§ **Exercise aim**:
Omit the pictures, and output the rest of the entries exactly as written.

§ **Extracted material**:
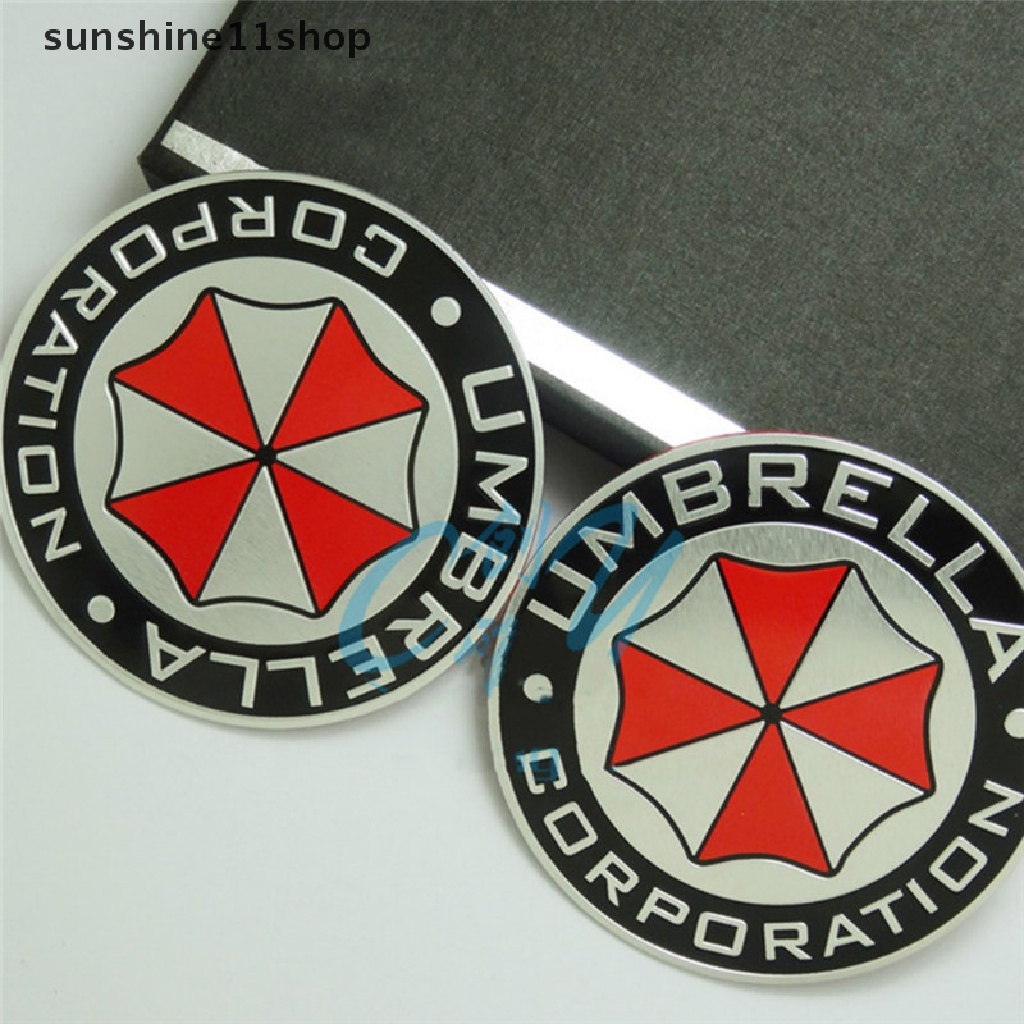 Sho - Stiker Motif Umbrella Corporation Resident Evil 3D Bahan Aluminum Alloy Untuk Dekorasi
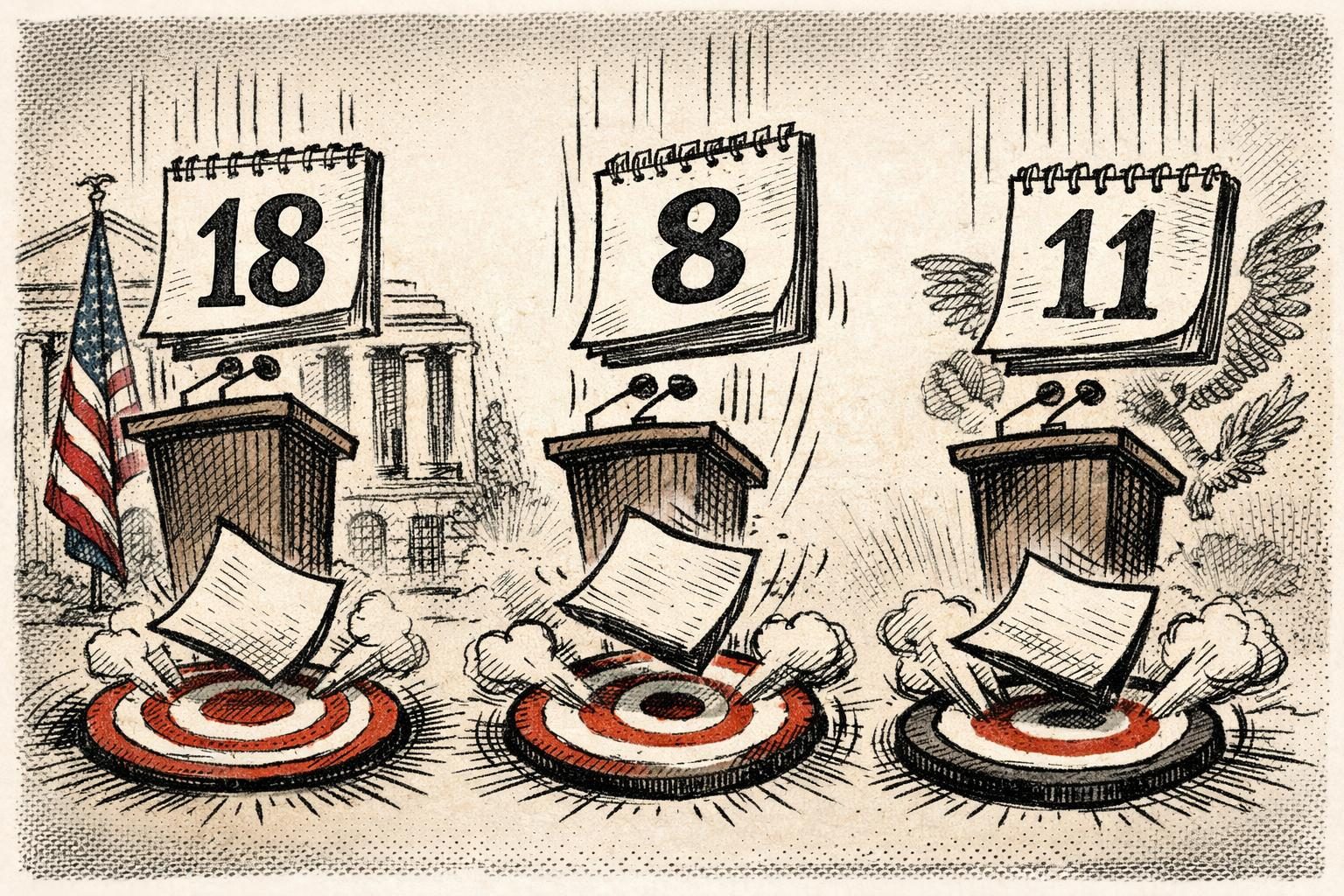 DOJ&rsquo;s three recent actions landed on different dates, not one morning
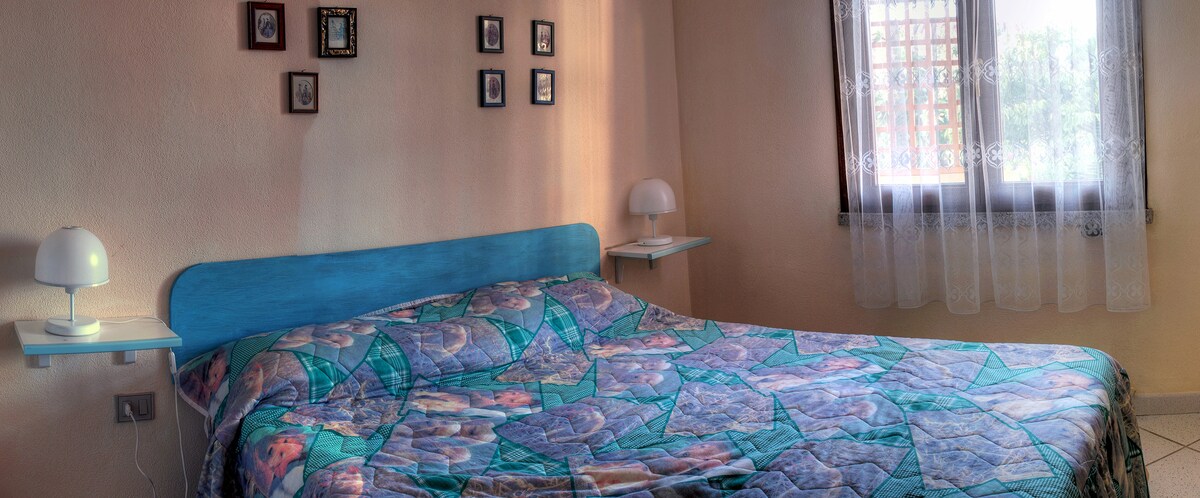 Habitación doble. Entrada normal, puerta de madera 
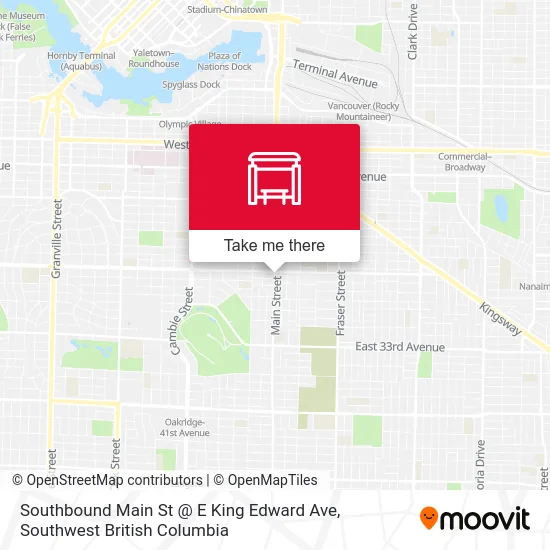 Southbound Main St @ E King Edward Ave map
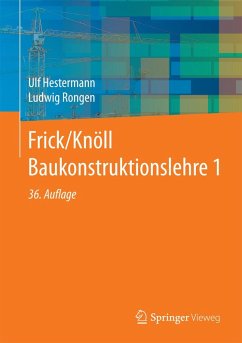 Frick/Knöll Baukonstruktionslehre 1 (eBook, PDF) - Hestermann, Ulf; Rongen, Ludwig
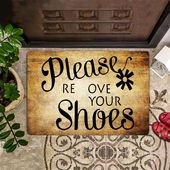 Please Remove Your Shoes Doormat Take Off Shoes Mat Best Indoor Doormat Outdoor Entry Mat – 25X15 IN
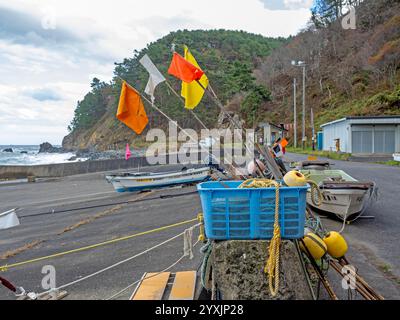 Port de pêche Honnami, Iwate Banque D'Images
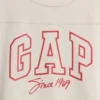 Kinderen: T-shirt van zwaar katoen met oversized logo en naaddetails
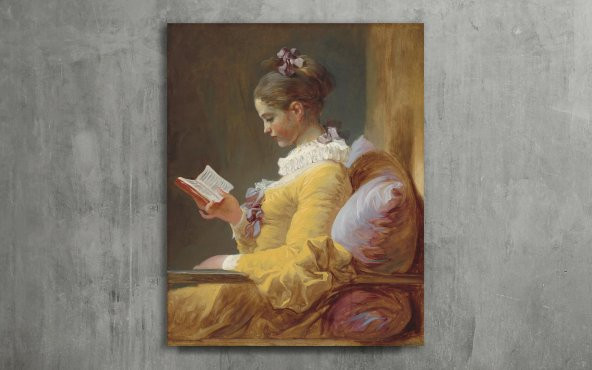 Kitap Okuyan Genç Kız, Jean Fragonard Yağlı Boya Kanvas Tablo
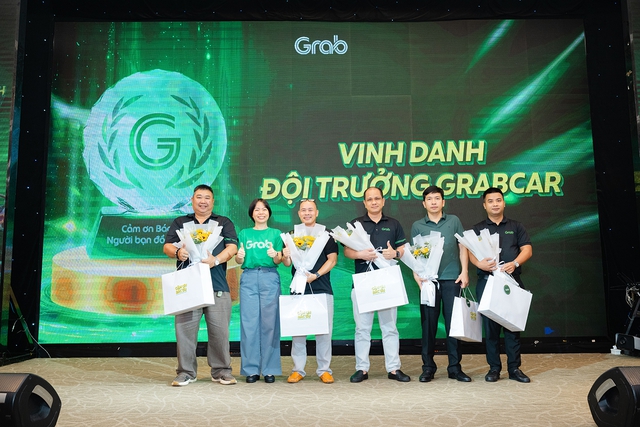 Chuỗi sự kiện sôi động tri ân bác tài Grab - Ảnh 4.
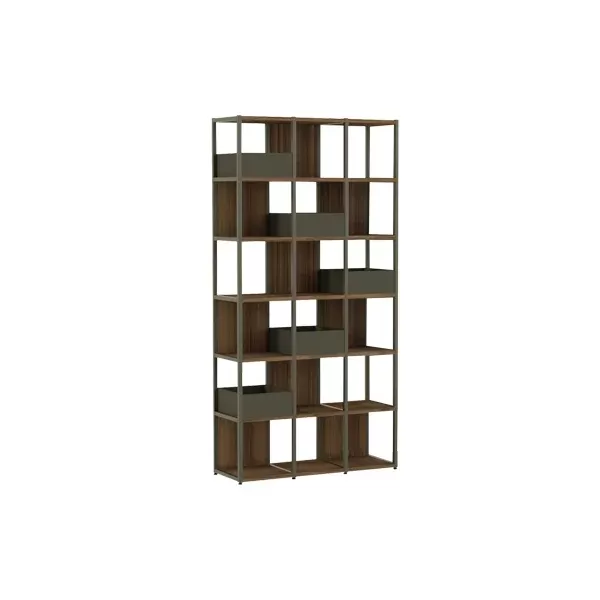 Estante industrial decorativa com 03 módulos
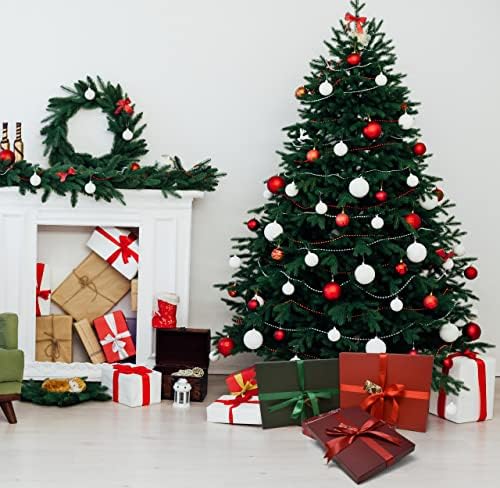 חג המולד קינון מתנת קופסות מלבן 3 חבילה קרדינל קישוט פתית שלג עיצוב חג המולד מוערם הלבשה תיבת עם מכסים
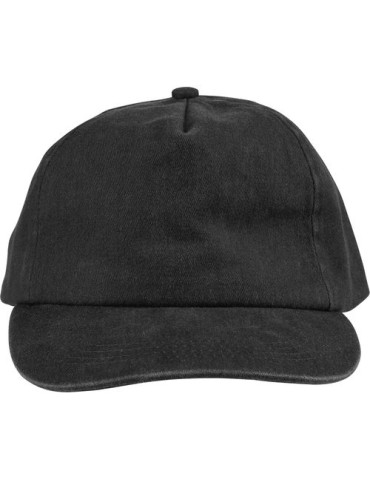 Casquette en coton 240 g/m2 Liora Matières : coton Couleurs : noir marquage laser ultra précis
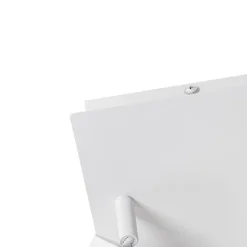 Moderne badkamer spot wit vierkant 2-lichts IP44 - Ducha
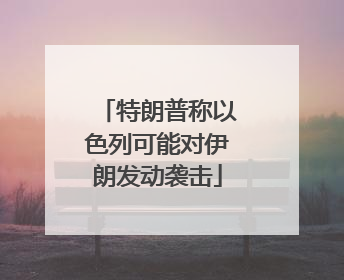 特朗普称以色列可能对伊朗发动袭击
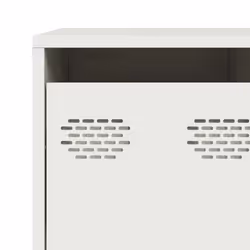 vidaXL Sideboard Black 135x39x103.5 cm Cold-rolled Steel storage cabinet - white - Additional view 9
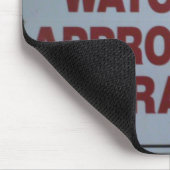PASSEN SIE HERAUS AUF! MOUSEPAD (Ecke)
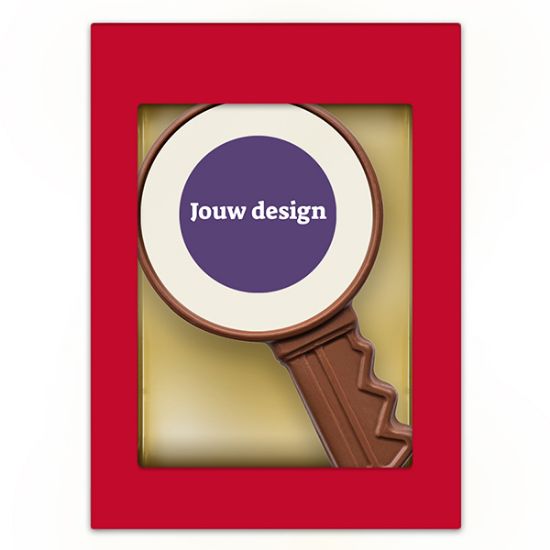 ChocoSleutel melk (175 gram) bedrukken met logo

§ **Response for this exercise**:
 Sho - Stiker Motif Umbrella Corporation Resident Evil 3D Bahan Aluminum Alloy Untuk Dekorasi
 DOJ&rsquo;s three recent actions landed on different dates, not one morning
 Habitación doble. Entrada normal, puerta de madera 
 Southbound Main St @ E King Edward Ave map
 Frick/Knöll Baukonstruktionslehre 1 (eBook, PDF) - Hestermann, Ulf; Rongen, Ludwig
 Please Remove Your Shoes Doormat Take Off Shoes Mat Best Indoor Doormat Outdoor Entry Mat – 25X15 IN
 Port de pêche Honnami, Iwate Banque D'Images
 Kinderen: T-shirt van zwaar katoen met oversized logo en naaddetails
 Kitap Okuyan Genç Kız, Jean Fragonard Yağlı Boya Kanvas Tablo
 Chuỗi sự kiện sôi động tri ân bác tài Grab - Ảnh 4.
 Estante industrial decorativa com 03 módulos
 חג המולד קינון מתנת קופסות מלבן 3 חבילה קרדינל קישוט פתית שלג עיצוב חג המולד מוערם הלבשה תיבת עם מכסים
 Casquette en coton 240 g/m2 Liora Matières : coton Couleurs : noir marquage laser ultra précis
 Moderne badkamer spot wit vierkant 2-lichts IP44 - Ducha
 特朗普称以色列可能对伊朗发动袭击
 vidaXL Sideboard Black 135x39x103.5 cm Cold-rolled Steel storage cabinet - white - Additional view 9
PASSEN SIE HERAUS AUF! MOUSEPAD (Ecke)
 ChocoSleutel melk (175 gram) bedrukken met logo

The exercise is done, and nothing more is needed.